**Task requirements**: For this listing, reproduce the line with "I'm inside of", the line with "Now, this isn't", and the lines between, exactly as they stand. Leave out pictures and all other lines.

**Records for the task**:
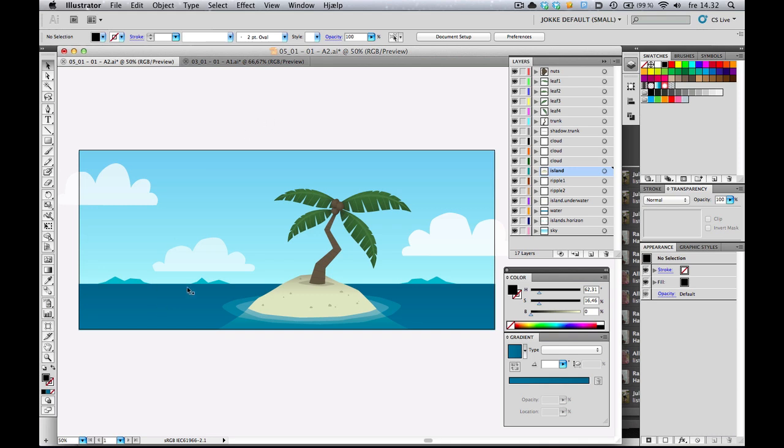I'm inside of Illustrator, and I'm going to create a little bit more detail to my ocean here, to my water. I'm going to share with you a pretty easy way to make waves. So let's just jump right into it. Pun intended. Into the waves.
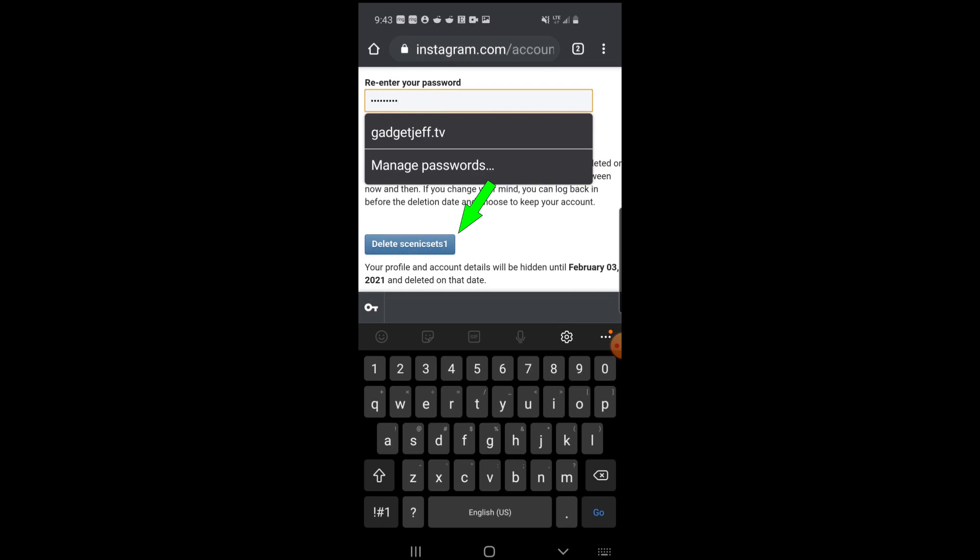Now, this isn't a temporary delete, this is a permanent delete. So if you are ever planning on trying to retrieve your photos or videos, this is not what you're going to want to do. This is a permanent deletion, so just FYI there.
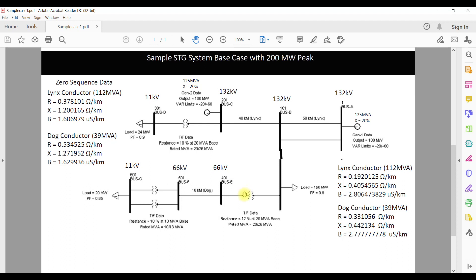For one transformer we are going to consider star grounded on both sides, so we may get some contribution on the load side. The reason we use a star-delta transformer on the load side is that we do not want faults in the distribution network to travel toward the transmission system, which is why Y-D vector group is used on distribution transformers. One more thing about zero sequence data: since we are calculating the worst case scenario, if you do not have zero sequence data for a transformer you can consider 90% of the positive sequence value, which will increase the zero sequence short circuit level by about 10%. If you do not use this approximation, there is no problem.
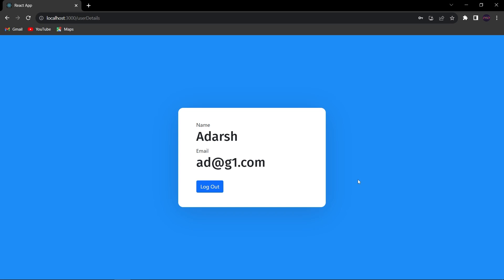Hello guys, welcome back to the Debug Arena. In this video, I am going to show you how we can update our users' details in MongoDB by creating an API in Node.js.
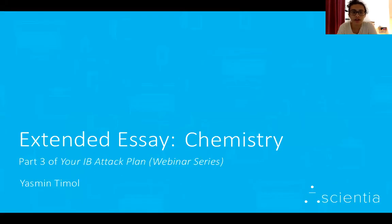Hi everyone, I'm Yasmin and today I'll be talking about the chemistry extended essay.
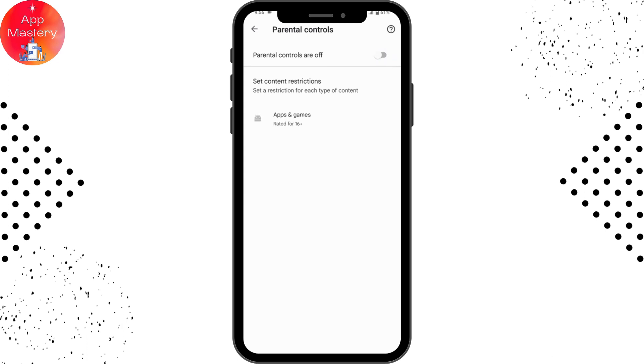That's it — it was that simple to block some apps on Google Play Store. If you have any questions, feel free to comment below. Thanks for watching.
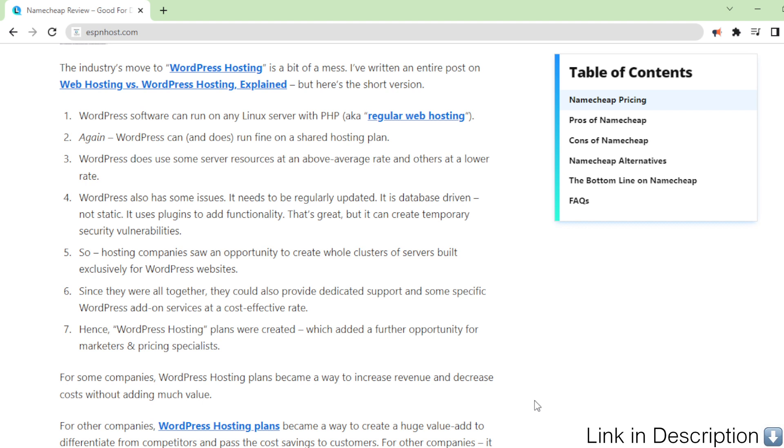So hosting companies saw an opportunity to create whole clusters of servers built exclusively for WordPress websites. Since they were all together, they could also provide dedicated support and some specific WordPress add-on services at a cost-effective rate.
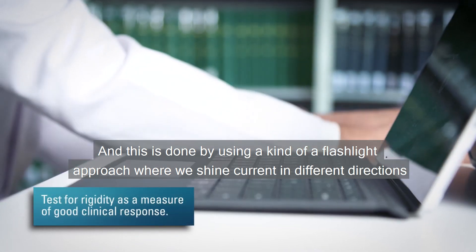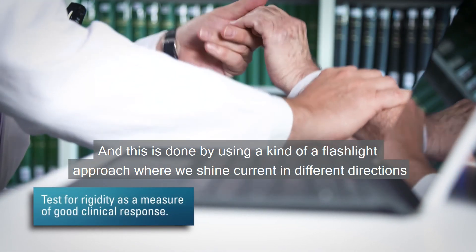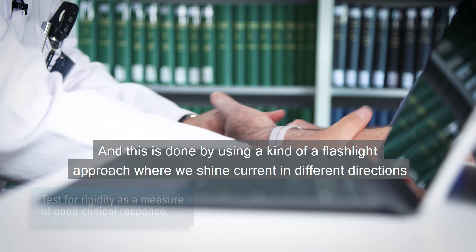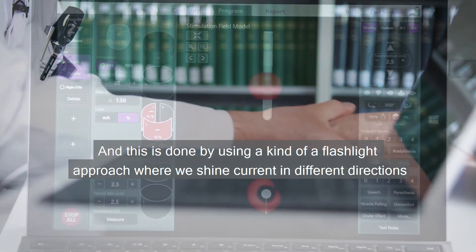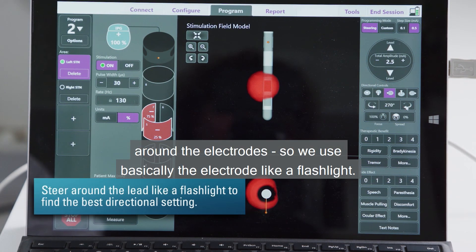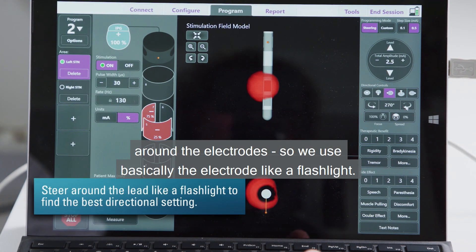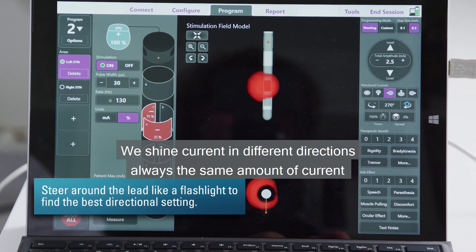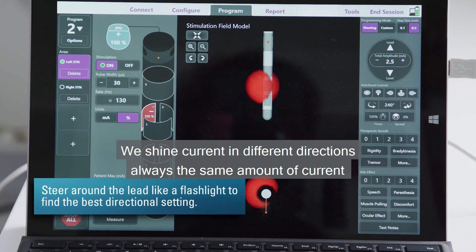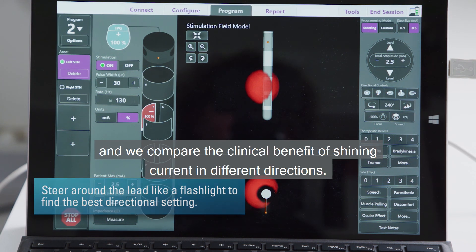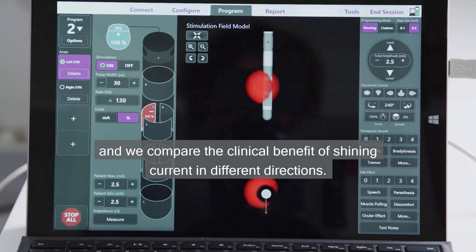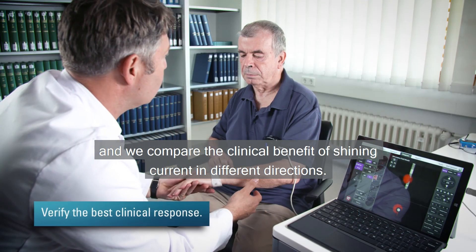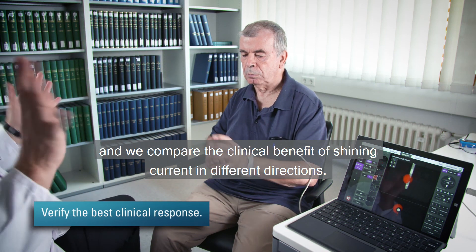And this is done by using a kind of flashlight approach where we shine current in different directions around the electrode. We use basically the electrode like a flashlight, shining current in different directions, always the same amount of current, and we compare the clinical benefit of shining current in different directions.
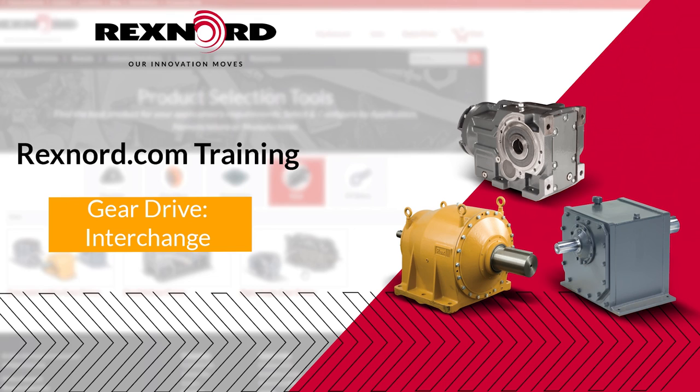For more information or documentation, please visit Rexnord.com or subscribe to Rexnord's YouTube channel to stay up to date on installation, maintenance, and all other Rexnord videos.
---
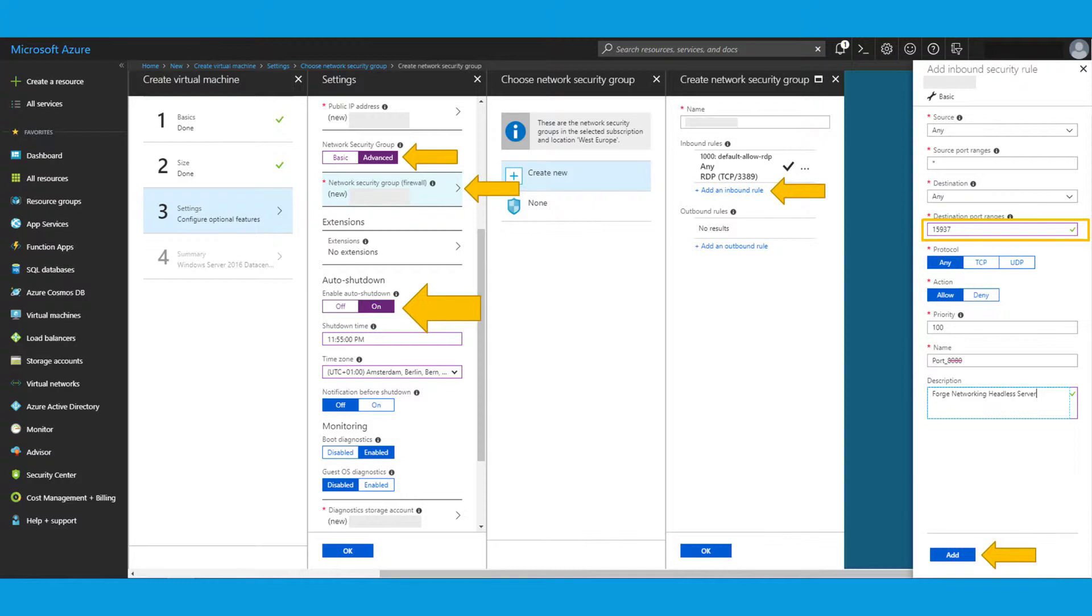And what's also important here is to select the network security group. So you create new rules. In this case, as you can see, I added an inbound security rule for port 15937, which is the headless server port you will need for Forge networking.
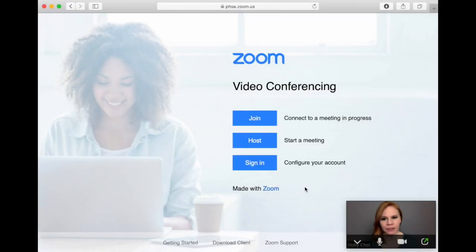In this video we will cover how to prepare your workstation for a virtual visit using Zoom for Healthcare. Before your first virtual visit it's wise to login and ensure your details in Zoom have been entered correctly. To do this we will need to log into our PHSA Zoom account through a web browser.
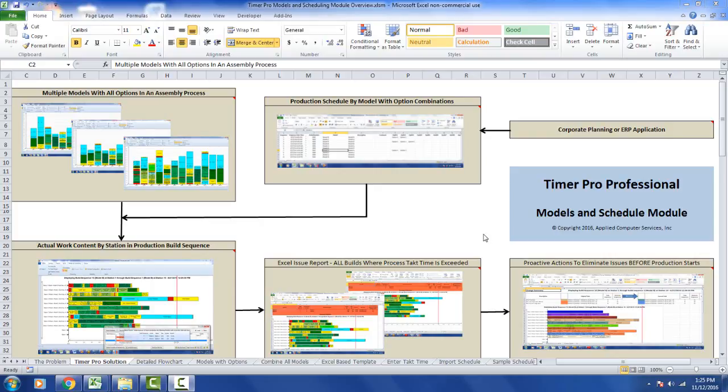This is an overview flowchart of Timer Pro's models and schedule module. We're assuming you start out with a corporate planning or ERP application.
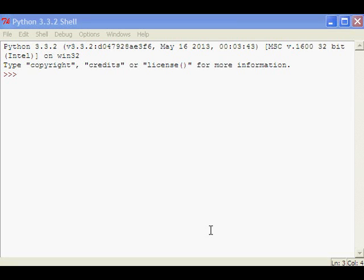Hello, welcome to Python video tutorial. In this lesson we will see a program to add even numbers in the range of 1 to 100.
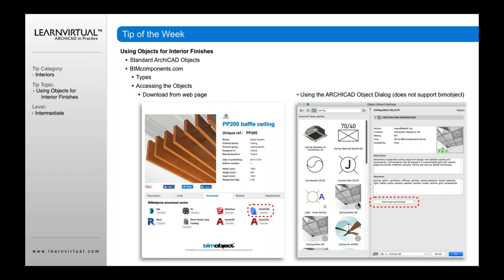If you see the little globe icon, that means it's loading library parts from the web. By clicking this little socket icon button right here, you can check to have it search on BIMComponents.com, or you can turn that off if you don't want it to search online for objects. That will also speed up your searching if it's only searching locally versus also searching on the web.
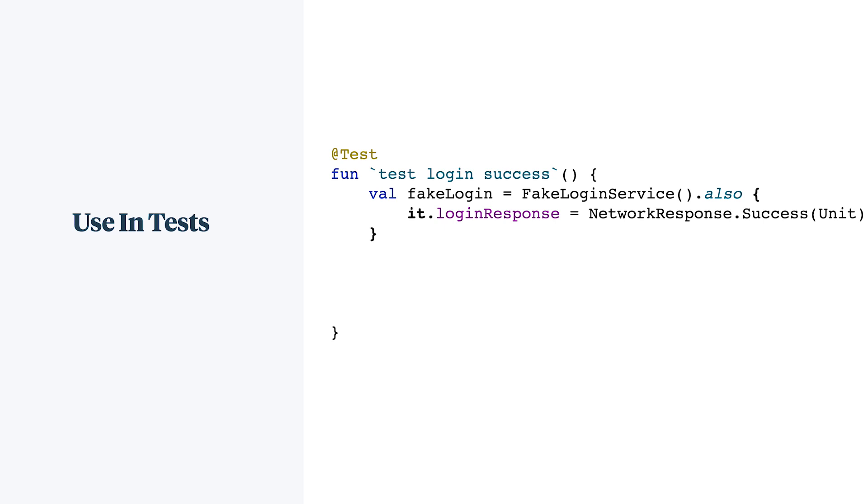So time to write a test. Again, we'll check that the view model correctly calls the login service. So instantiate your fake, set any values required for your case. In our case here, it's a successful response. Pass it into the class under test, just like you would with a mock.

**Output below**:
I'm inside of Illustrator, and I'm going to create a little bit more detail to my ocean here, to my water. I'm going to share with you a pretty easy way to make waves. So let's just jump right into it. Pun intended. Into the waves.
Now, this isn't a temporary delete, this is a permanent delete. So if you are ever planning on trying to retrieve your photos or videos, this is not what you're going to want to do. This is a permanent deletion, so just FYI there.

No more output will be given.